## INSTRUCTIONS FOR THE TASK
Please, from the entries below, transcribe exactly the lines that begin at the line with "Basic Riem 3" and end at the line with "Nageldesigner Nageldesignerin Kosmetik", without the pictures.

## GIVEN DATA
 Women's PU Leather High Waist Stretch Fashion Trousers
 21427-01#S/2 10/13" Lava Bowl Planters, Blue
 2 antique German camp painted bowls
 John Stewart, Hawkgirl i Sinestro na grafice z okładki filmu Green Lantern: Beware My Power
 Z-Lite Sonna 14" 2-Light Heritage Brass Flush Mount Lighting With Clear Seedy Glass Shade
---
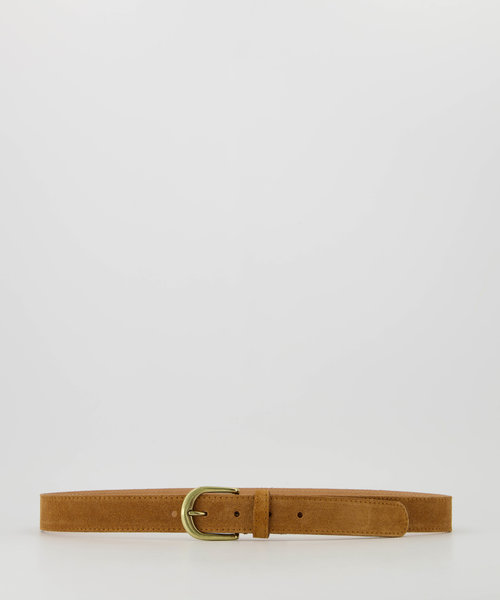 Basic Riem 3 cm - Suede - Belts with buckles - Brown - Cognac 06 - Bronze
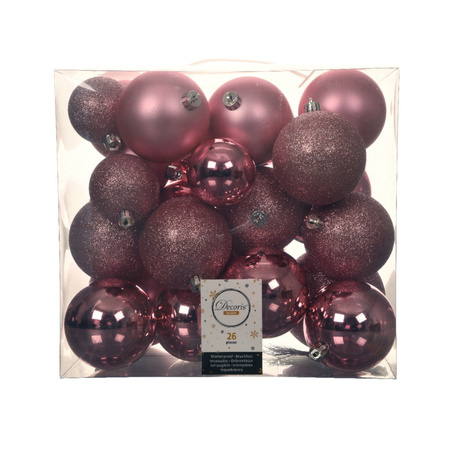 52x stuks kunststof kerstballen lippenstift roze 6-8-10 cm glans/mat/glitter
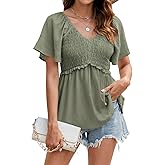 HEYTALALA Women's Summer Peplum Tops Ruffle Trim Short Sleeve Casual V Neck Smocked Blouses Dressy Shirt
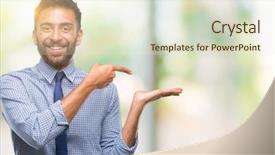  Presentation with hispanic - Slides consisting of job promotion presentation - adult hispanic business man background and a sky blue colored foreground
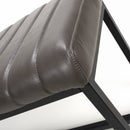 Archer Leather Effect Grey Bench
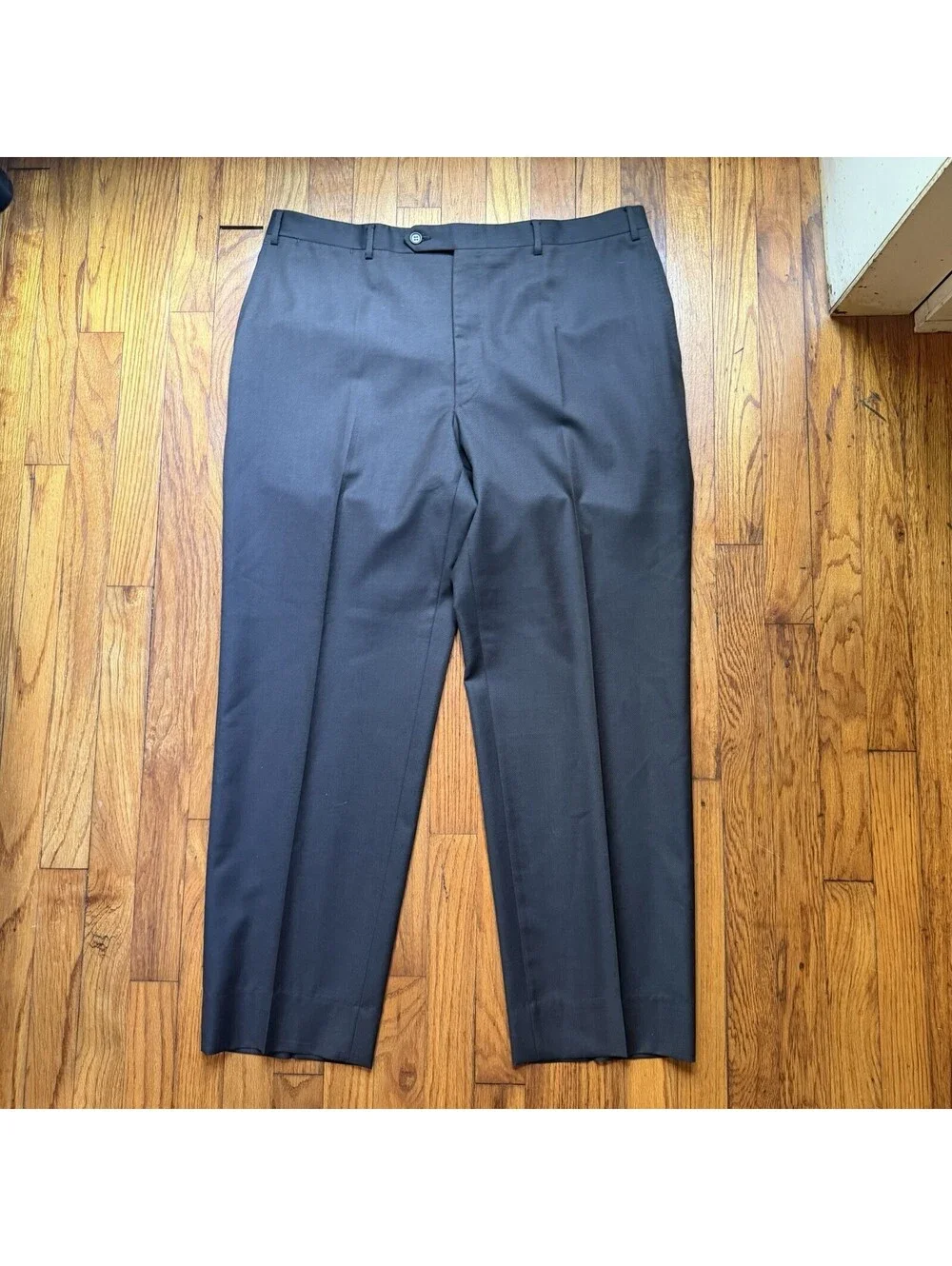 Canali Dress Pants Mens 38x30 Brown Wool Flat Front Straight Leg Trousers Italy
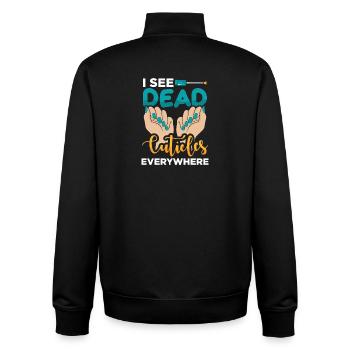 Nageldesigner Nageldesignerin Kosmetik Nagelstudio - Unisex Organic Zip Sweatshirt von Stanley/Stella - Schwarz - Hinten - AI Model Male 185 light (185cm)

## THE COMPLETED TASK
 Basic Riem 3 cm - Suede - Belts with buckles - Brown - Cognac 06 - Bronze
 52x stuks kunststof kerstballen lippenstift roze 6-8-10 cm glans/mat/glitter
 HEYTALALA Women's Summer Peplum Tops Ruffle Trim Short Sleeve Casual V Neck Smocked Blouses Dressy Shirt
  Presentation with hispanic - Slides consisting of job promotion presentation - adult hispanic business man background and a sky blue colored foreground
 Archer Leather Effect Grey Bench
 Canali Dress Pants Mens 38x30 Brown Wool Flat Front Straight Leg Trousers Italy
 Nageldesigner Nageldesignerin Kosmetik Nagelstudio - Unisex Organic Zip Sweatshirt von Stanley/Stella - Schwarz - Hinten - AI Model Male 185 light (185cm)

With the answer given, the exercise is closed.